> **ACTIVITY**: Below are the records; give again exactly the line with "Photo 1 of NO", the line with "Snapshot of Lily__Belle", and each line that lies between them, and nothing besides.

- - -

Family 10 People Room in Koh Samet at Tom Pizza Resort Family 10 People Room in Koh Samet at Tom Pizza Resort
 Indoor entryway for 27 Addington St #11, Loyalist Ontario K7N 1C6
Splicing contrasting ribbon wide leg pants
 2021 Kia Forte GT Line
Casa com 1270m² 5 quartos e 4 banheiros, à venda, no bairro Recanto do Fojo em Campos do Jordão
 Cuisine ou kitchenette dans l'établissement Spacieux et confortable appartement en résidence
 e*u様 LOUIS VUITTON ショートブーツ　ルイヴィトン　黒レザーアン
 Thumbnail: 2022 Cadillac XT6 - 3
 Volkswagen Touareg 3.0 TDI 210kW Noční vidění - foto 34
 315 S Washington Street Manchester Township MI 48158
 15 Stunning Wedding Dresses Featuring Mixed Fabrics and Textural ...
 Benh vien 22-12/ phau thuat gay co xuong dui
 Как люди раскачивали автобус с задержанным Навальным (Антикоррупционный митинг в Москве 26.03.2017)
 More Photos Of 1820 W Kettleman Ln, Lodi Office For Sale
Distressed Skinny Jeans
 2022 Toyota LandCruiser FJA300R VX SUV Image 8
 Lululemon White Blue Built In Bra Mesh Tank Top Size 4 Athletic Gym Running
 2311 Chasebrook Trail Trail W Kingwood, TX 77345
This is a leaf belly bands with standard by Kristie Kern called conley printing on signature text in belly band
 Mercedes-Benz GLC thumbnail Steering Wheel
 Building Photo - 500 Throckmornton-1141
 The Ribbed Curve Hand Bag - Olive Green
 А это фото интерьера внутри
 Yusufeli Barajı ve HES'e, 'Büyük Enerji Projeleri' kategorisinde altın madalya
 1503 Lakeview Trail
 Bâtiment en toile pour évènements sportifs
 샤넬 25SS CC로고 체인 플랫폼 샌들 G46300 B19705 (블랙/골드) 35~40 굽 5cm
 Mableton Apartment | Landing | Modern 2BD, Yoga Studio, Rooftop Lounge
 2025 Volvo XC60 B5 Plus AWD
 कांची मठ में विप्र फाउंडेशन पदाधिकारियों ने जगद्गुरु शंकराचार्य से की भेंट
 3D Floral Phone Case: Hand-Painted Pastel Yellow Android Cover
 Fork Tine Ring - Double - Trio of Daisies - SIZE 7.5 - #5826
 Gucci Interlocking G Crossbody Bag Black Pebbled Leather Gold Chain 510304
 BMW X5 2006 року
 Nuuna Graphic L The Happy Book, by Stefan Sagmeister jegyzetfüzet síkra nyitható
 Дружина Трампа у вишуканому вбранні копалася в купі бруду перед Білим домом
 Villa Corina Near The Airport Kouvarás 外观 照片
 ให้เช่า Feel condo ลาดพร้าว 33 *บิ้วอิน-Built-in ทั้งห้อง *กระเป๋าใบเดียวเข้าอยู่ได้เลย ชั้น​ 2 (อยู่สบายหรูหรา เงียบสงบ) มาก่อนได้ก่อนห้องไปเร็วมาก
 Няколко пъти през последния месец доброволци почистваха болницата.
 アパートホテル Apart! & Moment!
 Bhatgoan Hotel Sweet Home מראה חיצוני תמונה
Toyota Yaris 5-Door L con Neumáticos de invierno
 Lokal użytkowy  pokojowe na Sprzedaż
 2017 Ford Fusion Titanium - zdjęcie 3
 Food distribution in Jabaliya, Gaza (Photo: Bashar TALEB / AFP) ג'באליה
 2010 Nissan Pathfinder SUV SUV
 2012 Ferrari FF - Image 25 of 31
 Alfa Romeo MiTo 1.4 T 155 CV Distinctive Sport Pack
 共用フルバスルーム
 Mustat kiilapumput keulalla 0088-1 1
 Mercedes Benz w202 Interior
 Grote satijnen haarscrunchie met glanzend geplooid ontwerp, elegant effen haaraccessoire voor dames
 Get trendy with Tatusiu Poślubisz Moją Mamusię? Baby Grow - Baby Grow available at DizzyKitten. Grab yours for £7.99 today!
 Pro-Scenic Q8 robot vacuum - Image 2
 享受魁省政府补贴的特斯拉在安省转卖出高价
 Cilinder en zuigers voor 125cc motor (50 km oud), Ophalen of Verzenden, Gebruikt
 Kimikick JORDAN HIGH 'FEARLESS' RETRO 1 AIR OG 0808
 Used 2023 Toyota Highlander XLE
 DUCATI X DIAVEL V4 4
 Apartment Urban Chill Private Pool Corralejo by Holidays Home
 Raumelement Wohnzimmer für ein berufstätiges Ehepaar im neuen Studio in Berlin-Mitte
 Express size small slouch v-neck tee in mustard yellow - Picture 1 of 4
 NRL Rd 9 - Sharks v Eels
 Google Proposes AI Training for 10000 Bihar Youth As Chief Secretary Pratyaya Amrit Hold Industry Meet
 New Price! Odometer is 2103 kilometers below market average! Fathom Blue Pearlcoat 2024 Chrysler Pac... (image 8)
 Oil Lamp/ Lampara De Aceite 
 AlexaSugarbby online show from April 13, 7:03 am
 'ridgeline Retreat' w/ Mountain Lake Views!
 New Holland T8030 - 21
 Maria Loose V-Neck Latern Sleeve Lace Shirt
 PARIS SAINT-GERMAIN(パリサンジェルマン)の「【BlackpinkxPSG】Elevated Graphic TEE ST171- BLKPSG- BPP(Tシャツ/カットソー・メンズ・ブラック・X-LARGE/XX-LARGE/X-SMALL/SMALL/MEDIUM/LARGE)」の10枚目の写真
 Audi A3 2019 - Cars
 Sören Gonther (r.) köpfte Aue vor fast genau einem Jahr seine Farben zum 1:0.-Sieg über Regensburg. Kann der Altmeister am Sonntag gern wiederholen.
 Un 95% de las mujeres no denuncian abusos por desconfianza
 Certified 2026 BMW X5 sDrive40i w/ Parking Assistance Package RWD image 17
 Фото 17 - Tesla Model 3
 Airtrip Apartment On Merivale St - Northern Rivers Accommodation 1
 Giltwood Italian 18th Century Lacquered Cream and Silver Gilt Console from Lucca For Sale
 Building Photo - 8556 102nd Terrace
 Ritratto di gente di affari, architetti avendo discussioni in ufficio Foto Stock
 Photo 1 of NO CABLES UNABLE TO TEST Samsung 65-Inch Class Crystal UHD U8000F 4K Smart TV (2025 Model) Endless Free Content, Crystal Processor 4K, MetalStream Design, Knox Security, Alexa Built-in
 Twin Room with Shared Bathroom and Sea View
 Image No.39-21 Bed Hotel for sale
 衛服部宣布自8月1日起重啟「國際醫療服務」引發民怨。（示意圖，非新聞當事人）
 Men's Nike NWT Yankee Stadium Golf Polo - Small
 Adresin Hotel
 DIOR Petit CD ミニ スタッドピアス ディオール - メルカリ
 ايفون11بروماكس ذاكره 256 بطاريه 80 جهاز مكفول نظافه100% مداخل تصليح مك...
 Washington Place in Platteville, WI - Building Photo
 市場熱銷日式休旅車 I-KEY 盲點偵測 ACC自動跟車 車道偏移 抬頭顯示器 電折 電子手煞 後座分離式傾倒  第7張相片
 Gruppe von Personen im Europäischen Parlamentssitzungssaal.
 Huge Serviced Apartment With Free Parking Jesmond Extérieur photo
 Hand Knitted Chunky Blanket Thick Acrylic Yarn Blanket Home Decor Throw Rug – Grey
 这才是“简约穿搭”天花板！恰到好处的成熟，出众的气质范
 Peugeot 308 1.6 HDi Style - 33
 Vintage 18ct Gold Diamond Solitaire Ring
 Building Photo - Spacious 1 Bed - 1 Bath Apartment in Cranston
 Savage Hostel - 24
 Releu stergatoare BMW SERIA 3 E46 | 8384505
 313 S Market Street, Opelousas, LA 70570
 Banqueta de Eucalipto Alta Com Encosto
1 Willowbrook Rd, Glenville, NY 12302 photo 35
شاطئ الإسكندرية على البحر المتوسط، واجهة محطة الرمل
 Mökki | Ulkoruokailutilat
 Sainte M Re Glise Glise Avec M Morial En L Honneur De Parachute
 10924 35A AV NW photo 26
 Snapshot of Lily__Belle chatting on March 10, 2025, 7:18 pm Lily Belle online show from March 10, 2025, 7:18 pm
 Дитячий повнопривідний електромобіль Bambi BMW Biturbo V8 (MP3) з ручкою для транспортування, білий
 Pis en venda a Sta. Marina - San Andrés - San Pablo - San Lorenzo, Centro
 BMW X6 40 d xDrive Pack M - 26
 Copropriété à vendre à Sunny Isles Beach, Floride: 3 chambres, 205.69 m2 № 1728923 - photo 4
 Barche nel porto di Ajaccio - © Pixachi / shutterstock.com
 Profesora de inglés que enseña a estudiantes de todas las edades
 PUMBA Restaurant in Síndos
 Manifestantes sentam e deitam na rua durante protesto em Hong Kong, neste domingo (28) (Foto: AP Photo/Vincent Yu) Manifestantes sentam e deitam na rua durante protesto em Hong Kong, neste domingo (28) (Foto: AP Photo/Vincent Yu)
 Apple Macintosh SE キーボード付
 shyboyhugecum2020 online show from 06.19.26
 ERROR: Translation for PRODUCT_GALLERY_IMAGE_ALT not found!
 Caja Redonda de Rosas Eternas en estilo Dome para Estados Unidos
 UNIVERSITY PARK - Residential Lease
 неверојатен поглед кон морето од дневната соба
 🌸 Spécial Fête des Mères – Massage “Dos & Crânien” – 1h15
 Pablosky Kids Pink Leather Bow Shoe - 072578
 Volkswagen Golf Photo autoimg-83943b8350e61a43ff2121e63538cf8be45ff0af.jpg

- - -

> **WRITTEN ANSWER**:
 Photo 1 of NO CABLES UNABLE TO TEST Samsung 65-Inch Class Crystal UHD U8000F 4K Smart TV (2025 Model) Endless Free Content, Crystal Processor 4K, MetalStream Design, Knox Security, Alexa Built-in
 Twin Room with Shared Bathroom and Sea View
 Image No.39-21 Bed Hotel for sale
 衛服部宣布自8月1日起重啟「國際醫療服務」引發民怨。（示意圖，非新聞當事人）
 Men's Nike NWT Yankee Stadium Golf Polo - Small
 Adresin Hotel
 DIOR Petit CD ミニ スタッドピアス ディオール - メルカリ
 ايفون11بروماكس ذاكره 256 بطاريه 80 جهاز مكفول نظافه100% مداخل تصليح مك...
 Washington Place in Platteville, WI - Building Photo
 市場熱銷日式休旅車 I-KEY 盲點偵測 ACC自動跟車 車道偏移 抬頭顯示器 電折 電子手煞 後座分離式傾倒  第7張相片
 Gruppe von Personen im Europäischen Parlamentssitzungssaal.
 Huge Serviced Apartment With Free Parking Jesmond Extérieur photo
 Hand Knitted Chunky Blanket Thick Acrylic Yarn Blanket Home Decor Throw Rug – Grey
 这才是“简约穿搭”天花板！恰到好处的成熟，出众的气质范
 Peugeot 308 1.6 HDi Style - 33
 Vintage 18ct Gold Diamond Solitaire Ring
 Building Photo - Spacious 1 Bed - 1 Bath Apartment in Cranston
 Savage Hostel - 24
 Releu stergatoare BMW SERIA 3 E46 | 8384505
 313 S Market Street, Opelousas, LA 70570
 Banqueta de Eucalipto Alta Com Encosto
1 Willowbrook Rd, Glenville, NY 12302 photo 35
شاطئ الإسكندرية على البحر المتوسط، واجهة محطة الرمل
 Mökki | Ulkoruokailutilat
 Sainte M Re Glise Glise Avec M Morial En L Honneur De Parachute
 10924 35A AV NW photo 26
 Snapshot of Lily__Belle chatting on March 10, 2025, 7:18 pm Lily Belle online show from March 10, 2025, 7:18 pm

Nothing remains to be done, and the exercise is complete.